When the seats were removed by the council last year I did take up the matter with the relevant councillor who very kindly explained that the seats had ‘become the habitual meeting place for people who between them were causing anti-social behaviour problems such as drinking alcohol, loud swearing, litter and dogs in the vicinity.’

Quite right. Even if Harry can convince us that he is not a (a rather elderly) beer-swilling, swearing, litter-tossing dog, he must appreciate (as I pointed out then) that if he were sitting he would not be spending; and that would be quite unfair to Hammersons and the developers of Victoria Gate, Trinity, etc.

Age is no excuse, Harry!

Mike Harwood, Kirkstall

University’s costly library

READING OF the nightclub wanting to open until 6am, I noted that the University of Leeds, who are opposing this, are spending £27.5m on a new 24-hour library which will be next door to the nightclub.

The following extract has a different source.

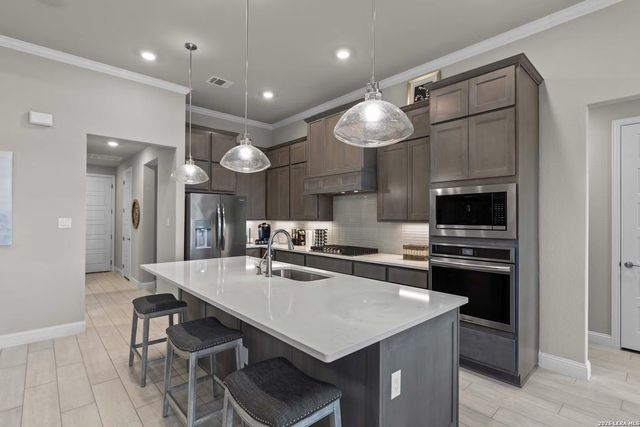 179 Highland Park, Castroville, TX 78009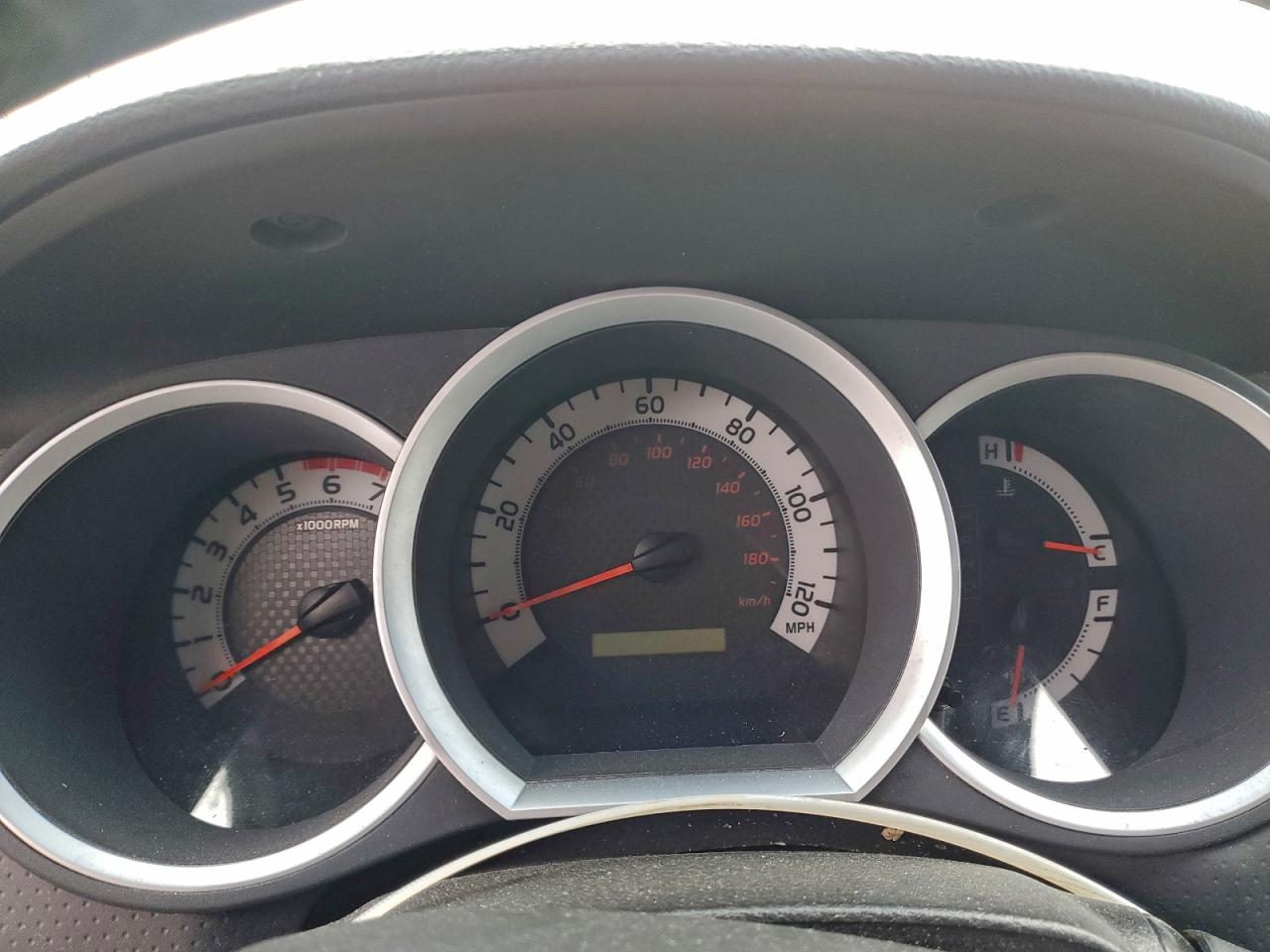 Toyota Tacoma Double Cab Prerunner Image 11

My question is why 24 hours and why is it costing all this money?

It reminds me of Viv Nicholson who won the pools in 1961 and said she would ‘spend, spend, spend’. The difference is that it was Viv’s own money.

A Hague, Harehills

Unforgivable decision

How can ITV continue to engage the services of a newsreader, Charlene White, who will not wear a poppy?

A century ago the best men of our Commonwealth – black, white and Asian – gave their lives to allow this stupid individual to voice her views.

She is betraying the memory of her forbears. Ignorance is not bliss, it is unforgivable.